IDE の相違点の概要

Micro Focus IDE で以前にビルドされた COBOL アプリケーションは、Visual Studio でビルドすることができます。これらの IDE の主な相違点は次のとおりです。

ソリューション、プロジェクト、およびソース ファイル フォルダ
ソリューションとは、アプリケーション作成のために連動して機能する 1 つ以上のプロジェクトが入っているコンテナのことです。ソリューションとそのプロジェクトは、ファイル システムではフォルダとして表現されます。ソリューション フォルダにはプロジェクト フォルダが入っており、プロジェクト フォルダには主な COBOL ソース ファイルが入っています。ソリューション エクスプローラに表示されるフォルダ ツリーは、ディスク上のフォルダ ツリーと同じです。
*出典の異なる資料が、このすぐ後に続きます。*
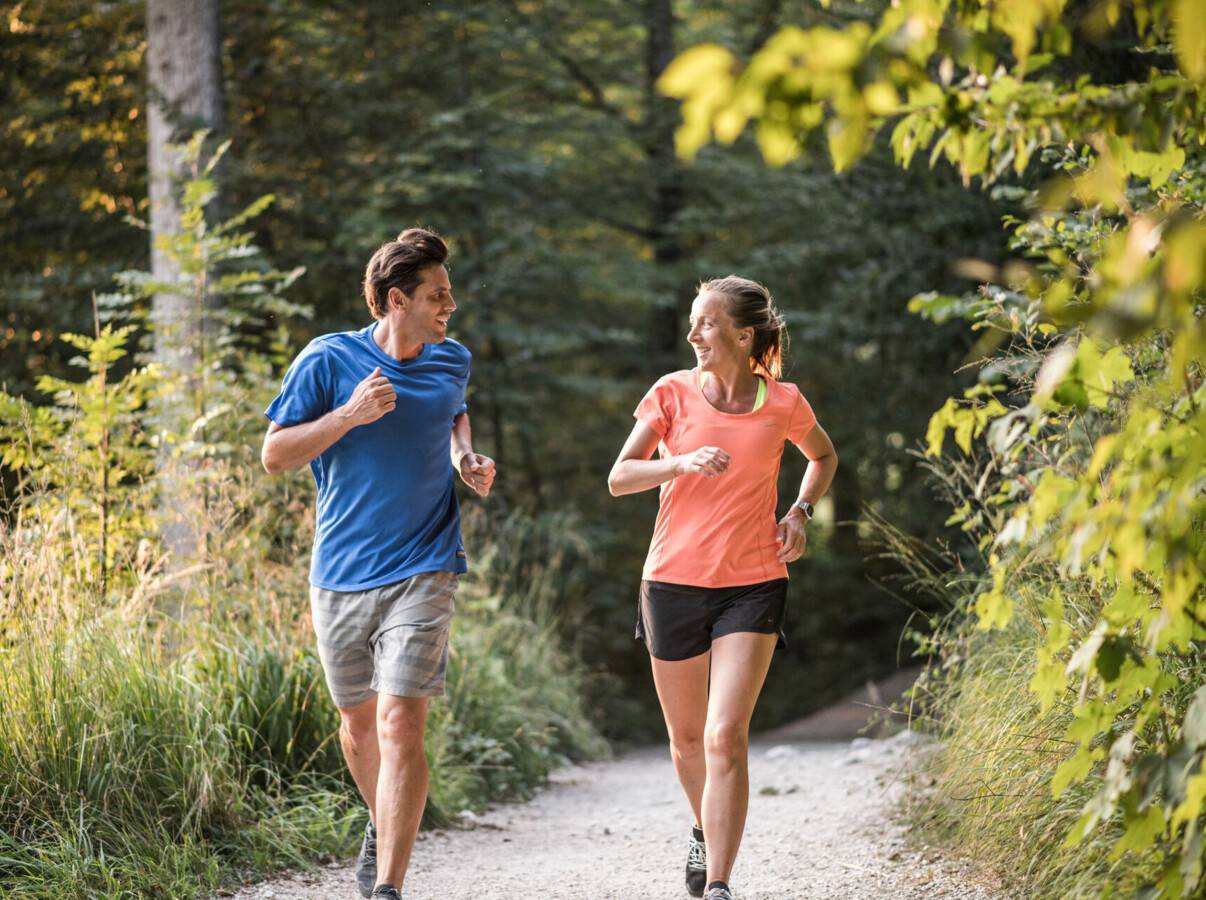 A man and woman jogging on a scenic forest trail, surrounded by lush greenery.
複数のプロジェクトで共有されているファイル(コピー ファイルなど)がソリューションに含まれている場合、共有ファイル用のフォルダをソリューション内に作成することができます。COBOL コピー ファイルは、ソリューションまたはプロジェクト フォルダの外部にあるフォルダに格納できます。コピー ファイルの場所はプロジェクト プロパティに指定します。

コピー ファイルの拡張子とソース ファイルの拡張子
ソース ファイルのデフォルトの拡張子は、cbl、cob、および cpy です。その他のコピー ファイルの拡張子は、COPYEXT コンパイラ指令を設定して定義できます。また、検索時にファイルが見つかるように、テキスト エディタのために代替のファイル拡張子を指定する必要があります。これらを指定するには、[ツール|オプション|テキスト エディタ|COBOL|その他|コピー ファイルの拡張子] を選択します。
ソース コードの文字の値
16 進値を表しているテキスト以外の文字は、16 進文字の文字列定義に変更することをお勧めします。

Net Express および Mainframe Express では、COBOL ソース ファイルは ANSI 文字セットを使用して記述され、00 ~ FF のあらゆる 16 進値を使用する文字を含めることができます。ソース ファイルをディスクに書き込むとき、hex 20 未満の値の文字には、NULL 値の保護が適用されます。つまり、文字の組み合わせはディスクに書き込まれ、NULL(hex 00) の後に元の文字が付けられます。

Visual Studio で作成された実行可能ファイル
Visual Studio では、プロジェクトごとに、int または gnt ではなく exe または dll という実行形式ファイルが 1 つ作成されます。実行形式ファイルの種類、場所、その他のビルド設定を選択するには、プロジェクトのプロパティでこれらを指定します。
ビルドの構成
以前は、プロジェクトをビルドする方法をビルド設定とプロジェクト設定に指定していましたが、Visual Studio では、ビルドの構成(デフォルトのデバッグ構成やリリース構成、自分自身で作成した構成など)で指定します。
アプリケーションの実行とデバッグ
ソリューションに複数のプロジェクトが含まれている場合、アプリケーションの実行可能ファイルが、依存プロジェクトの実行可能ファイル(.dll)とシンボル(.idy)ファイルを見つけられるようにする必要があります。いくつかの方法がありますが、その手順を次に説明します。
  • exe プロジェクトでは、dll を作成するプロジェクトへの参照を追加します。[デバッグ|オプションおよび設定] を使用して、シンボル ファイルがある場所を指定します。
  • プロジェクトで処理結果の実行可能ファイルがソリューションの実行可能ファイルと同じフォルダ(bin フォルダなど)に格納されるように設定します。プロジェクトのプロパティにビルド後のイベントを設定することで、dll のビルド時にこのフォルダにシンボル ファイルがコピーされるように設定します。[プロジェクト|プロパティ|COBOL|ビルド イベント] を選択してください。
[ファイル中の検索] を使用したソースのナビゲーション
Net Express または Mainframe Express で、COBOL アプリケーションをビルドした場合、通常はコンテキスト情報がプログラムのナビゲーションに利用されます。Visual Studio は、これと同じ機能を提供していませんが、[編集|検索と置換|ファイル中の検索] を使用して同じ効果を実現できます。検索結果は、[検索結果] タブに表示されます。検索結果内の項目をダブルクリックすると、ソース ファイルがテキスト エディタ ビューに読み込まれ、識別された場所が表示されます。
[出力] ビューと [エラー一覧] に表示されるビルド結果
アプリケーションをビルドすると、ビルドの結果を [出力] ビューと [エラー一覧] に表示できます。ビルド メッセージをダブルクリックして、ソースを識別することができます。また [エラー一覧] 内の項目をダブルクリックして、ソース ファイルをテキスト エディタに読み込み、関連する場所を表示できます。これらのペインをオンにするには、[ビュー|出力] および [ビュー|エラー一覧] を選択します。